COLLECTED DATA:
^^^^
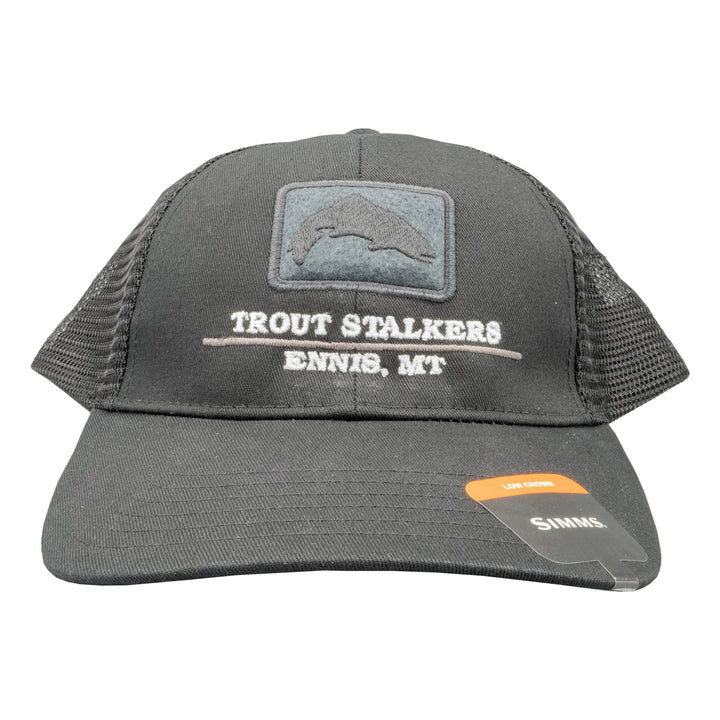 Simms MTS Logo CBP Trout Icon Trucker Black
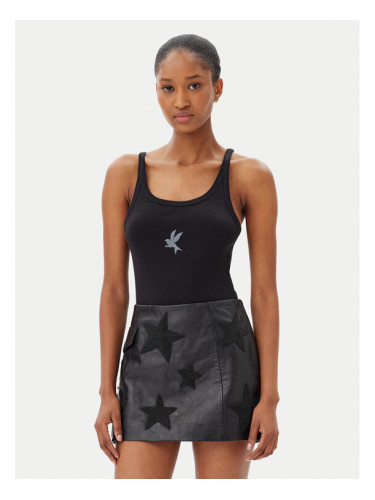 One Teaspoon топ Fine 26605 Черен Slim Fit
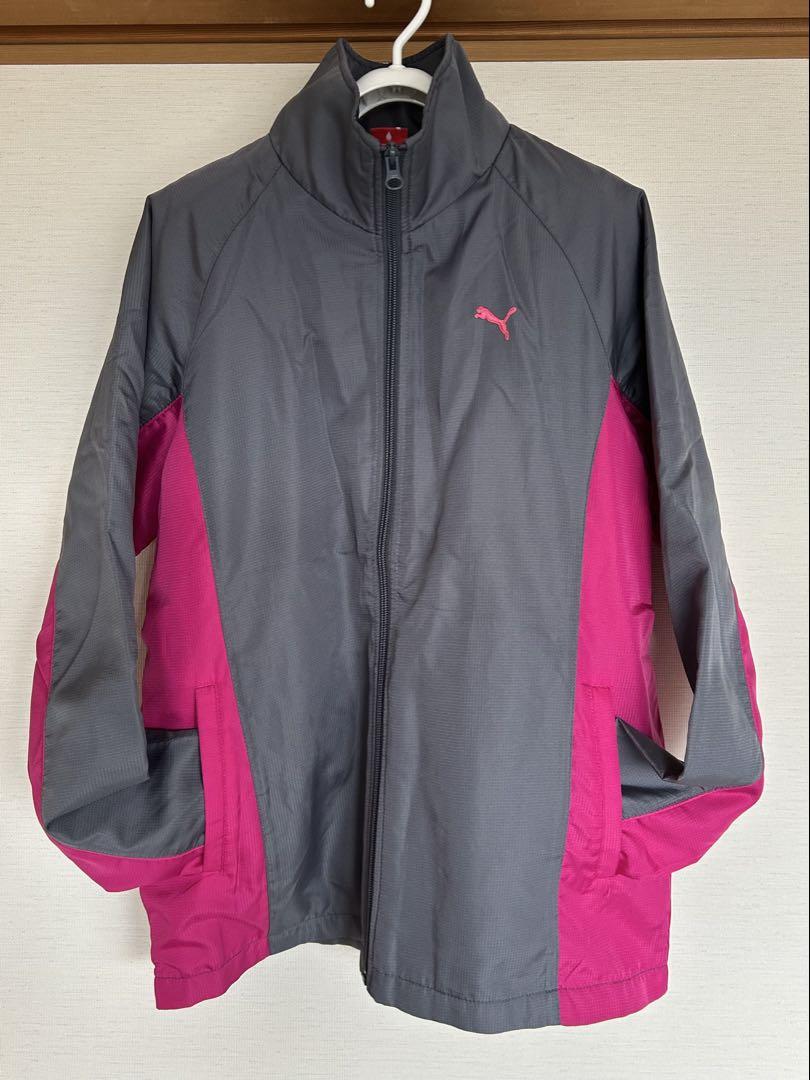 【ラッピング不可】 PUMA グレー/ピンク M レディース 】ウィンドブレーカー ウォーキング・ランニングウェア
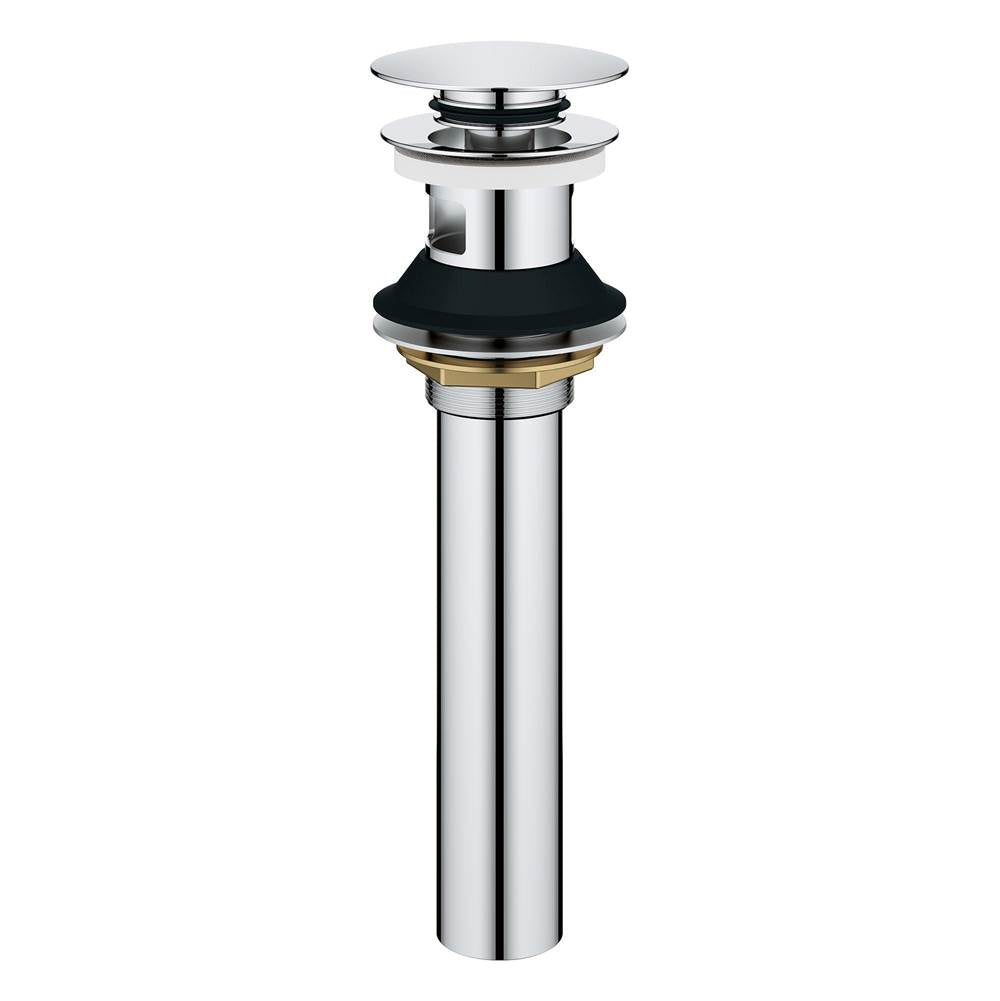 Grohe - Bathroom Sink Push Drain with Overflow - Chrome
^^^^
WORK TO COMPLETE: Retype the whole of the data verbatim. Skip every picture.

ANSWER SPACE:
 Simms MTS Logo CBP Trout Icon Trucker Black
 One Teaspoon топ Fine 26605 Черен Slim Fit
 【ラッピング不可】 PUMA グレー/ピンク M レディース 】ウィンドブレーカー ウォーキング・ランニングウェア
 Grohe - Bathroom Sink Push Drain with Overflow - Chrome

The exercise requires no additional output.